# Decals Slide ED 8.0



## tfdelacruz (14. Februar 2013)

Servus,

ich würde gerne an meinem Slide ED 8.0 die orangfarbenen Decals am Rahmen entfernen. Hat das schon mal jemand gemacht, oder weiß jemand von Radon selbst, wie man de Decals am besten runter bekommt? Vielen Dank.


----------



## Maniac_TE (15. Februar 2013)

das gleiche frag ich mich beim 2011er ED mit schwarzem Rahmen die weißen Decals.
Jemand Erfahrung?


----------



## MTB-News.de




----------



## FrozenSmoke (17. Februar 2013)

weiße Decals am 11er ED sind lackiert. Abbeizer drauf und abwischen.
beim 2012er musst du halt schauen ob Klarlack drüber ist oder nicht.
Das entfernen der Decals hat meinem Slide optisch auf jeden Fall sehr weitergeholfen


----------



## Herr der Ritzel (18. Februar 2013)

Hallo,

ich möchte auch gerne mein grünes Slide von den blauen Streifen befreien. So wie ich das sehe ist der Rahmen grün pulverbeschichtet, die decals und Streifen sind auf die Beschichtung auflackiert.

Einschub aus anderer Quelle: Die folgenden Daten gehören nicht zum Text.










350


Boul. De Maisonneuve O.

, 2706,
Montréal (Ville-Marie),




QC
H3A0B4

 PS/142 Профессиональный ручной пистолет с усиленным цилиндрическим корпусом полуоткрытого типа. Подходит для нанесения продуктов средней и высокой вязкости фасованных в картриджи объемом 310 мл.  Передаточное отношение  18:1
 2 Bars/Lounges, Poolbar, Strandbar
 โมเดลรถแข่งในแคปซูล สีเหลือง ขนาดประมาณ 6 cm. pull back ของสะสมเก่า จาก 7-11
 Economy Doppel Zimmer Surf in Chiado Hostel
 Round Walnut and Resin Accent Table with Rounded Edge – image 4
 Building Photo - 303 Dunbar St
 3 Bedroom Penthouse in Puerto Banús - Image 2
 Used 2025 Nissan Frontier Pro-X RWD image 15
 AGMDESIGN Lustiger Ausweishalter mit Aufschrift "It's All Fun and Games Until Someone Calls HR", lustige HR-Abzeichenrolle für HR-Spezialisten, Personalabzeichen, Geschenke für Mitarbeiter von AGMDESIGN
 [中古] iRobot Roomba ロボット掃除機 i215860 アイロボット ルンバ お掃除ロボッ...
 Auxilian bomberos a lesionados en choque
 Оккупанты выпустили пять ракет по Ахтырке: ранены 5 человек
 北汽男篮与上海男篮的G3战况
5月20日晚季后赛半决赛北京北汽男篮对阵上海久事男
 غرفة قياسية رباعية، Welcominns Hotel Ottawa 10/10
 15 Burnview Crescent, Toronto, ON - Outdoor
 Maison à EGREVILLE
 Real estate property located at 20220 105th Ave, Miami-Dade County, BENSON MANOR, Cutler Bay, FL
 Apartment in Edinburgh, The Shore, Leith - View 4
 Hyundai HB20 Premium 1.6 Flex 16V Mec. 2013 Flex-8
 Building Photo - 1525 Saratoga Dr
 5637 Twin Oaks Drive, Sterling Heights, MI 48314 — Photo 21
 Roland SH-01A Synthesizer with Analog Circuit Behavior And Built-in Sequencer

Wie bekomme ich nun den Lack runter ohne die Pulverbeschichtung zu beschädigen?

Danke und Gruß
Chris


----------



## tfdelacruz (18. Februar 2013)

Es scheint so als wäre Klarlack drüber... :/


----------



## tane (19. Februar 2013)

ob das net einfach lackierte streifen sind? reib mal mit scotchbrite an einer unauffälligen stelle...


----------



## spygirl (10. Mai 2013)

tfdelacruz schrieb:


> Servus,
> 
> ich würde gerne an meinem Slide ED 8.0 die orangfarbenen Decals am Rahmen entfernen. Hat das schon mal jemand gemacht, oder weiß jemand von Radon selbst, wie man de Decals am besten runter bekommt? Vielen Dank.



Sind die Decals mittlerweile ab? Wenn ja, wie?


----------



## tfdelacruz (13. Mai 2013)

Nein Decals sind noch immer drauf! Auf das wie suche ich auch noch immer eine Antwort...


----------